None of the above conclusions comes as a startling revelation and Business Recorder has since long been urging the government to temper its overarching focus on fiscal deficit reduction, a key condition under the 6.64 billion dollar three-year Extended Fund Facility of the International Monetary Fund, once the fiscal deficit had been brought down to 4.9 percent in 2014-15, down from over 7 percent in 2012-13. The suggestion was not to a shift away from reducing the fiscal deficit but to assuage it by inculcating a pro-growth policy that would have necessitated a higher outlay on development expenditure. Sadly, the 2016-17 budget envisages a fiscal deficit of 3.8 percent in comparison to the 4.3 percent the year before - or a reduction of 0.5 percent which is only 0.1 percent lower than the reduction in fiscal deficit realised between 2014-15 (4.9 percent) to 2015-16 (4.3 percent). In other words, the emphasis remains on deficit reduction and it is unlikely that the projected growth rate of 5.7 percent would be achieved without considerable data manipulation.
Economic theory dictates that a high growth rate of the economy has positive implications on the government's revenue generating capacity but in Pakistan's case, this may have to be supplemented with wide-ranging reforms of the tax structure that remains heavily skewed in favour of indirect taxes whose incidence on the poor is greater than on the rich; and rising reliance on withholding taxes as a component of direct taxes (to the tune of 75 percent at present) in the sales tax mode rather than in the income tax mode accounts for little if any shrinkage of the parallel illegal economy.

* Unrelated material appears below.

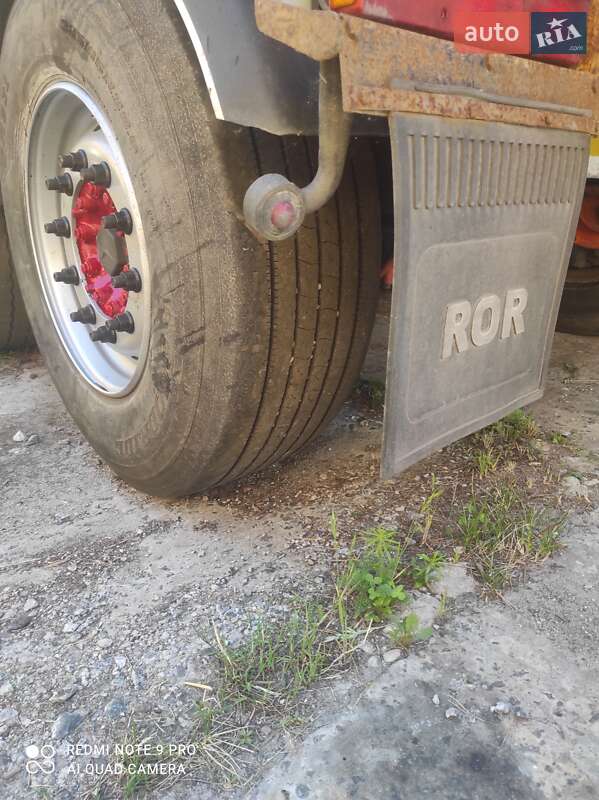 Зерновоз - полуприцеп Inter Cars SAF 2009 в Иванкове фото 13 Зерновоз - полуприцеп Inter Cars SAF 2009 в Иванкове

At the same time, current expenditure is rising at a faster pace than development expenditure - from 2,611 billion rupees to 3,843 billion rupees - a rise of 47 percent. Defence rose from 545 billion rupees to 860 billion rupees or a rise of 57 percent and the major contributor to the rise is the interest and principal payment as and when due as a consequence of the massive rise in reliance on borrowing. Thus in 2012-13, interest payment was budgeted at 925,775 million rupees while in 2015-16 the revised estimates gave a total of 1,315,016 million rupees - a rise of 42 percent in just three years and this in spite of the fact that the rupee is grossly overvalued to understate the external indebtedness. The projection for 2016-17 has not been taken as a yardstick as the budgeted and revised estimates during the Dar-led Finance Ministry vary considerably; for example, last year, the budget gave a total of 1,279 billion rupees as mark-up on domestic and foreign debt while the revised estimates were 1,315 billion rupees or a difference of 36 billion rupees. The IPR's recommendation that can be supported is to increase government revenue and reduce external borrowing but there is also a need to reduce domestic borrowing as well as reduce current expenditure.

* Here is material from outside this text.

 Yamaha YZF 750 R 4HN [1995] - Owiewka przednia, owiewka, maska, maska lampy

Exports have witnessed a steady decline in recent months due to an overvalued rupee and delays in refunds, decisions attributed to the Ministry of Finance; what is required as per this think tank, is an export-oriented trade policy with the tariff structure supporting export-led growth, components of the recent package, and suggested a review of the government's power policy.

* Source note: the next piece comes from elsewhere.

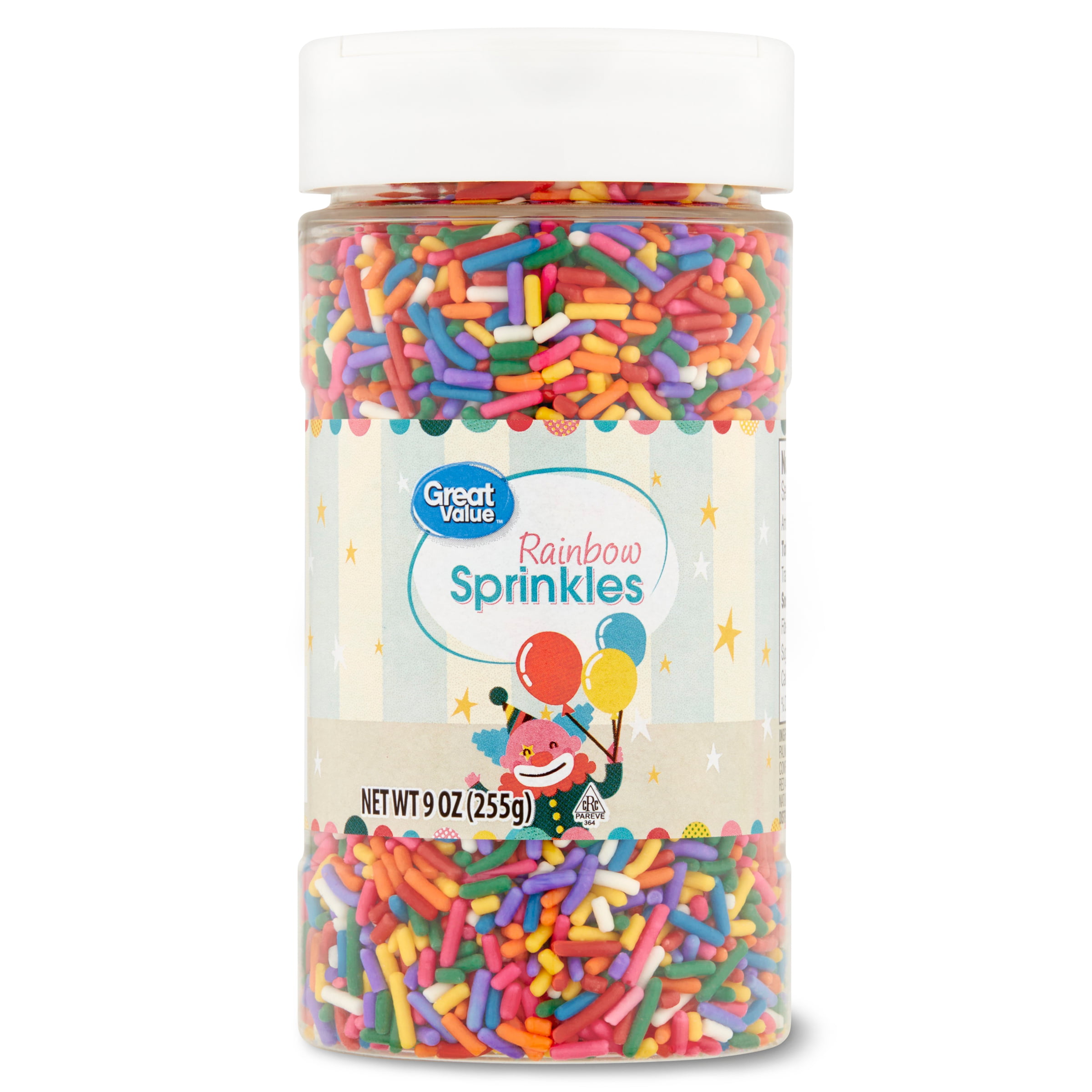 Rainbow Sprinkles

To conclude, there is much about the state of the economy that must be a source of serious concern for the government; however, data manipulation as well as sponsoring some supportive articles in the foreign press continues to be cited by the PML-N leadership as a yardstick for complacency with the policies of the Dar-led Finance Ministry. And unfortunately criticisms followed by recommendations are dismissed as either politically motivated or anti-state.